Physical weights, such as the one from the suitcase she brought to the first meeting, overlap with symbolic ones; inside were a variety of goods like cigarettes and white sugar, which became more and more difficult to come by during the war, making the suitcase literally worth its weight in gold. Weight, weight, weight in every direction. Miyazaki’s redesigned role amplifies its visual expression, but even that is part of the film itself, which has a very distinct sense that only an aging mastermind burdened by their own heritage could make.

Similar to how the first half of the movie is obviously filled with autobiographical details about Mahito, the second part of the movie blatantly depicts his current status as a creator. During his quest to save Natsuko, Mahito finds himself in a fanciful universe that has evolved around a single figure: the creator, who is too elderly to keep up with the regular tweaking required to maintain the viability of an empire the size of Ghibli’s. That individual must wonder how to get a successor from his own lineage and whether it is really required, just as he did. It’s pushed to the fore to the point where it’s difficult to even label it metatextual—Miyazaki’s career and Ghibli’s importance are ultimately what it comes down to. Additionally, his choice to aggressively pursue Honda at the outset and the themes’ alignment feel like they can’t be coincidences because he is a cunning director who, at this time, exclusively hires individuals whose abilities he knows very well.

That makes the movie’s ending all the more intriguing. Mahito ultimately declines to take the throne, citing the weight of his cowardly, self-inflicted wound as evidence of human dirtiness—that is, something unworthy of the purity of a fantasy world but rather of the human realm. The Boy and the Heron make movements that suggest a message of hope for the future, accepting the imperfections that come with being human. The physical limitations—or rather, the absence of them—in the animation serve to emphasize that point once more. Almost every character in the film—including the numerous birds—is burdened by gravity at some point during the narrative. The Warawara, who, according to Kiriko, rise up to the real world to take on human form after being fed, are the only ones that defy this law. It seems logical that the only floating creatures in the movie are those who existed before life, assuming Mahito is correct and to live is to sin and be burdened by human nature.
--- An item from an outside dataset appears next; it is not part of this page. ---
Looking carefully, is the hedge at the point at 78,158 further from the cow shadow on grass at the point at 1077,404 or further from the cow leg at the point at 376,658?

Ultimately, the tower of creativity crumbles beneath its own weight. the burden of aging and, possibly, an abundance of outside influences that have gotten out of hand. The existence of invading species, who are taken somewhere they don’t belong against their will and natural impulses but are nevertheless worthy of life despite their potentially harmful position in such ecosystems, is Miyazaki’s take on the environment in this film. The parakeets that have taken over this place of creation are the most noticeable of all. Friends of mine have compared them to the merchandise empire that has grown around Ghibli themselves, who at times have been more of a Totoro plushie factory than an animation studio. They are colorful, funny, but also dumb, incapable of meaningful creation themselves, and yet always hungry. Perhaps there is no reason to be fixated on preserving Ghibli if that is where things stand.
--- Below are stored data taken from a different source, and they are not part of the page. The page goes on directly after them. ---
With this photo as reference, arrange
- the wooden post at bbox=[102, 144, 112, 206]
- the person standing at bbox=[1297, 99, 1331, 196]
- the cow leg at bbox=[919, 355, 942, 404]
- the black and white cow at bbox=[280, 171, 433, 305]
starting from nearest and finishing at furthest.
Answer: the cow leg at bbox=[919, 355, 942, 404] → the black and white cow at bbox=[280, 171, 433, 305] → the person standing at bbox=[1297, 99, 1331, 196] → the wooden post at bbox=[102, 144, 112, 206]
This film can be interpreted in a variety of ways since it is just too intricate to accurately link each allegory to a single, meaningful idea. It is ultimately quite interesting because of the many opposing notions that coexist in it. The Boy and the Heron is undoubtedly not Miyazaki’s most technically flawless work, but it is unquestionably his most significant due to its discussion of the director’s vast body of work and how its animation relates to many of those concepts.